== Aim of the task ==
After locating "Beech wool board" in the listing below, copy that line and each one after it exactly, ending with the line that has "Bach Packster 32 Rucksack (snorkel-blue)".

== Records supplied ==

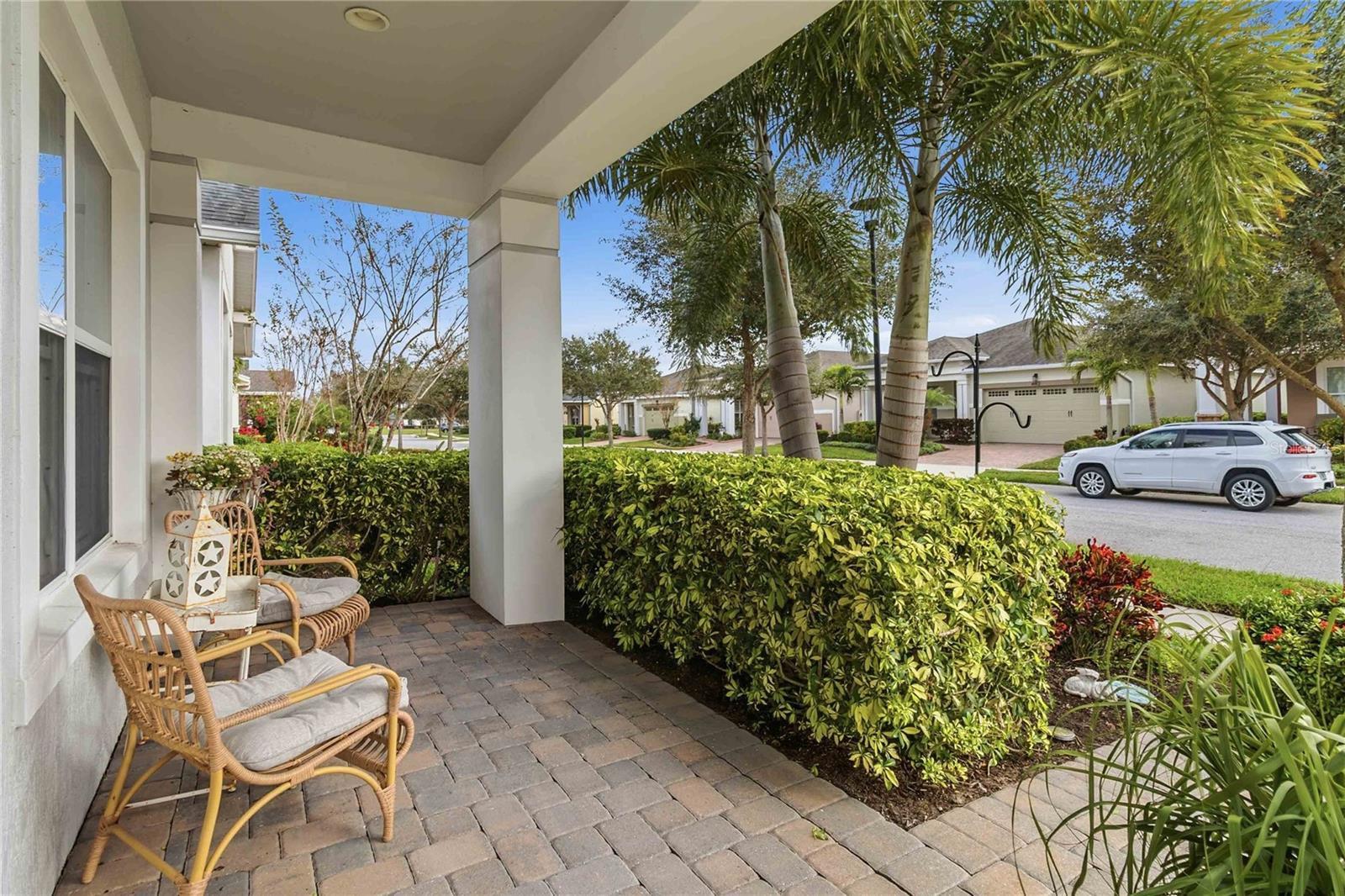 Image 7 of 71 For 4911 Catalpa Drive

---

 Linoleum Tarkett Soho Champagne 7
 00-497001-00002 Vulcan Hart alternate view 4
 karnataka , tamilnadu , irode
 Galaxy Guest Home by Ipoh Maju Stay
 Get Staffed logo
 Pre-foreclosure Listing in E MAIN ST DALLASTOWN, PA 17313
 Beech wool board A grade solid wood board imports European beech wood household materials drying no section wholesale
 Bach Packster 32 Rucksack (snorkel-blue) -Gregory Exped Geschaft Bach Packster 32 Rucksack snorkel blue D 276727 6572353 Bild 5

== Solution for this exercise ==
 Beech wool board A grade solid wood board imports European beech wood household materials drying no section wholesale
 Bach Packster 32 Rucksack (snorkel-blue) -Gregory Exped Geschaft Bach Packster 32 Rucksack snorkel blue D 276727 6572353 Bild 5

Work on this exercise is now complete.